---------- Data shown
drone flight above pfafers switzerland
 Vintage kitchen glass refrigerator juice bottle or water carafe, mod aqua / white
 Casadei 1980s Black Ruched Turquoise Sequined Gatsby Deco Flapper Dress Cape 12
--------------------
**What is needed**
Line by line, copy the data above exactly as it reads.

**Response for this exercise**
drone flight above pfafers switzerland
 Vintage kitchen glass refrigerator juice bottle or water carafe, mod aqua / white
 Casadei 1980s Black Ruched Turquoise Sequined Gatsby Deco Flapper Dress Cape 12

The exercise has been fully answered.